During this unprecedented time, I wanted to do something positive and put focus on something other than bad news, so I decided it was a good time to potty train my two-and-a-half-year-old son.
My husband and I have attempted to potty train him before, but literally gave up in a matter of hours after pee and poo everywhere! Also, we are usually on different schedules and I didn’t have the patients to ride it out but being on lockdown has given us all the time we need to get this right, the silver lining, I guess.
Now, I don’t claim to be an expert, parenting doesn’t come with a manual (unfortunately!), we just learn as we go, and this is what has worked for us…So, if you have a toddler and toying with the idea of potty training during lockdown, then this might help.
After some research, I thought the best way to tackle this for week one was as follows:
- Leave him without any bottoms on and ask him every 45 mins if he needs a wee or poo. This is to build up association with needing “to go” with the potty, and not be tempted to go on himself
- Reward chart for positive reinforcement
- Not reacting to accidents but celebrating when he gets it right
- Continue using nappy pants at bedtime
Day 1: Peed on the floor three times then finally accepted the potty! We celebrated by cheering and clapping every time.
Day 2: After a somewhat successful day one, with minimal reminders from us, he takes himself to the potty when he feels the urge to go.
He also went for his first poo in the potty but did have an accident when he was engrossed with a puzzle and accidentally pooed on the floor!
Day 3: I was curious (impatient as my husband would say) to see how he would get on wearing pants, but he clearly wasn’t ready, and he pooed in them. He told me immediately and apologised “poo poo mummy, sorry”. We swiftly went back to the original plan, and he continued to take himself to the potty when he felt the need to go.
Days 4 -7: He tells us and takes himself to the potty when he feels the need to go without any accidents. He seems to sit on the potty a few times before he actually goes, testing himself, I guess. He tells us (and shows us) when his done, we continue to celebrate by cheering and clapping, additionally, every time he uses the potty correctly, we put a sticker on the reward chart, which we did throughout the week.
We celebrated the end of week one by giving him a medal (I know, it’s extra!) for positive reinforcement, he was super cute and said, “Thank you very much mummy”.
So, time to introduce pants (Marvel ones of course!).
I’m not going to lie to you, at the start of the week he ruined a few of his pants, but learning to control his need to go was the focus for week two, and all a part of the learning curve. We persevered and by the end of day two of week two he seemed to get it right.
We got it under control by continuing to use the reward chart, cheer and clap when he used the potty correctly, and not making a fuss when he had an accident. Additionally, because he was wearing pants, we asked him more often if he needed to go.
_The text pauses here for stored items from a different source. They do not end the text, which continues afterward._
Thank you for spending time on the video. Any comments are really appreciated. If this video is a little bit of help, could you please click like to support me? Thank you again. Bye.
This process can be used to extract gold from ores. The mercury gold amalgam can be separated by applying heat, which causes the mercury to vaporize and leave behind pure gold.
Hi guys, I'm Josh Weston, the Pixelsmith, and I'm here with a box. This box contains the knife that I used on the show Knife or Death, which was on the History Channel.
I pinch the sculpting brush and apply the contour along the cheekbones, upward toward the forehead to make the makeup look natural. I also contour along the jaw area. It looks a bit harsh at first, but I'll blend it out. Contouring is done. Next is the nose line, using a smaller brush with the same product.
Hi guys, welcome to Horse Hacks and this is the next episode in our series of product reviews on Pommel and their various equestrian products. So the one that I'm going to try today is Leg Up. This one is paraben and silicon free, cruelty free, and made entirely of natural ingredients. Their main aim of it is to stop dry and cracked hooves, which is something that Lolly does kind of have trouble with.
Fast forward two weeks and I am happy to say that he is now potty trained in the daytime, woohoo!
Phase two – Dry night
We are now working on phase two, which is to have a dry night. Children tend to produce more of the hormone that produces urine at night (so I have read), and so it’s very common to continue to wet the bed for a while.
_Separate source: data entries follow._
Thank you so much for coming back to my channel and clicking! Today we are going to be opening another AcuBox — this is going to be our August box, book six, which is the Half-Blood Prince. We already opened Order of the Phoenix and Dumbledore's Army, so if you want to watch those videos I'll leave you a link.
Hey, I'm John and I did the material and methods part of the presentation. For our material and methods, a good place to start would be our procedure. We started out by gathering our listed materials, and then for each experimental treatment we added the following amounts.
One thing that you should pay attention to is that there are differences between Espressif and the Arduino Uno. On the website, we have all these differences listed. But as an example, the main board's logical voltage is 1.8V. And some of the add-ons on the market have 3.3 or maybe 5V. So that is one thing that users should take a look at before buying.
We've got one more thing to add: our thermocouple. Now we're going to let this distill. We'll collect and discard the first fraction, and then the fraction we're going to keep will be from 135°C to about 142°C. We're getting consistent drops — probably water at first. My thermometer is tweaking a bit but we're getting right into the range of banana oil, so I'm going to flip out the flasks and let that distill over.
In the meantime, to minimise bed wetting, we have reduced drinks in the evening and give him the chance to use the potty before bed.
We have also invested in a washable mattress protector (should we dare to put him in regular pants after his first dry night). I doubt we will be getting rid of the nappy pants at bedtime anytime soon.
My top tips:
- In the run up to start potty training, make sure you talk to your child about it consistently during nappy changes and show them the potty
- Don’t force it, if your child is flat out refusing to sit on the potty after several attempts then maybe they are not ready. Try again in a few weeks, but remember to keep talking about it
- Buy two potties, the general rule is to keep a potty in sight, and one in the bathroom
- For those with boys, you remember the early days with wee on your face…Well, if not sat positioned correctly on the potty expect a spray! So, make sure they are sat properly, or buy a potty with a high splash guard
- Buy a child toilet seat, my son showed interest in sitting on the toilet quite early on and I wasn’t prepared!
- Buy a small step ladder for the bathroom, it beats holding your child up to the basin while they try to wash their hands!
- Bed-time potty training can take far longer than daytime, so be patient
- Do not react to accidents, this will build up anxiety. Praise when they get it right, go over the top like we did with cheering and clapping to build confidence
- Have carpet cleaner /bicarbonate soda handy for accidents!
Overall, the potty-training process takes time and patients, but work together with your child and they will get there. Good luck!